Incidence of herb-induced aconitine poisoning in Hong Kong: impact of publicity measures to promote awareness among the herbalists and the public.

Author information

  • Division of Clinical Pharmacology, Department of Medicine and Therapeutics, The Chinese University of Hong Kong, Prince of Wales Hospital, Shatin, New Territories, Hong Kong, China. tykchan@cuhk.edu.hk

Abstract

BACKGROUND:

In Hong Kong 'chuanwu' (the main root of Aconitum carmichaeli) and 'caowu' (the root of Aconitum kusnezoffii) are used by herbalists to treat patients with various musculoskeletal disorders. These aconite roots contain aconitine, mesaconitine and hypaconitine, which are neurotoxins and cardiotoxins. During 1989 to 1991, 31 patients were treated in public hospitals because of poisoning by aconite roots and there were two deaths from ventricular arrhythmias. In late 1991, healthcare officials together with cardiologists held a press conference to warn the public, healthcare professionals and herbalists of the potential toxicity of aconite roots. The risk of ventricular arrhythmias and the need for urgent medical attention were highlighted.

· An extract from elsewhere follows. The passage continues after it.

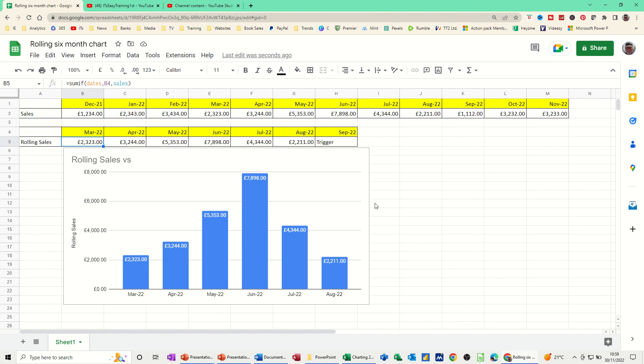So that's all I want to show you in this little video — how you can create a rolling six-month chart using Google Sheets. Thank you for your time and I'll catch you in the next one.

An information leaflet was also sent to hospital doctors. Since 1992, the topic was covered periodically in the local newspapers, medical journals and continuing medical education programmes.

OBJECTIVE:

The objective of this study was to assess the impact of these publicity measures on the incidence of herb-induced aconitine poisoning in the New Territories East, based on the number of admissions to the Prince of Wales Hospital.

METHODS:

During 1989 to 1993 and 1996 to 1998, all patients admitted to our medical wards because of herb-induced aconitine poisoning were identified by on-going surveillance of medical patients, searching our computerised medical record system and reviewing reports received by the 24-hour Drug and Poisons Information Bureau.

RESULTS:

The number of hospitalisations due to aconitine poisoning markedly decreased from four to six per year in 1989 to 1991 to one to two per year in 1992 to 1993. The annual incidence of aconitine poisoning showed a marked decrease from 0.49 to 0.69 [overall 0.60, 95% confidence intervals (CI) 0.34 to 0.99] to 0.10 to 0.22 (overall 0.16, 95% CI 0.03 to 0.46) per 100,000 population (p = 0.024). During 1996 to 1998, herb-induced aconitine poisoning remained uncommon, with zero to two hospital admissions per year or an annual incidence of zero to 0.33 (overall 0.17, 95% CI 0.05 to 0.43) per 100,000 population (p = 0.016).

DISCUSSION:

It is possible that the herbalists could have used smaller doses of 'chuanwu' and 'caowu' than before. Patients could be more compliant with the instructions on how to prepare the herbal decoction at home. However, our experience suggested that publicity measures to promote awareness, among the herbalists and the public, may reduce the incidence of poisoning due to toxic herbs such as aconite roots.

PMID:
12222992
[PubMed - indexed for MEDLINE]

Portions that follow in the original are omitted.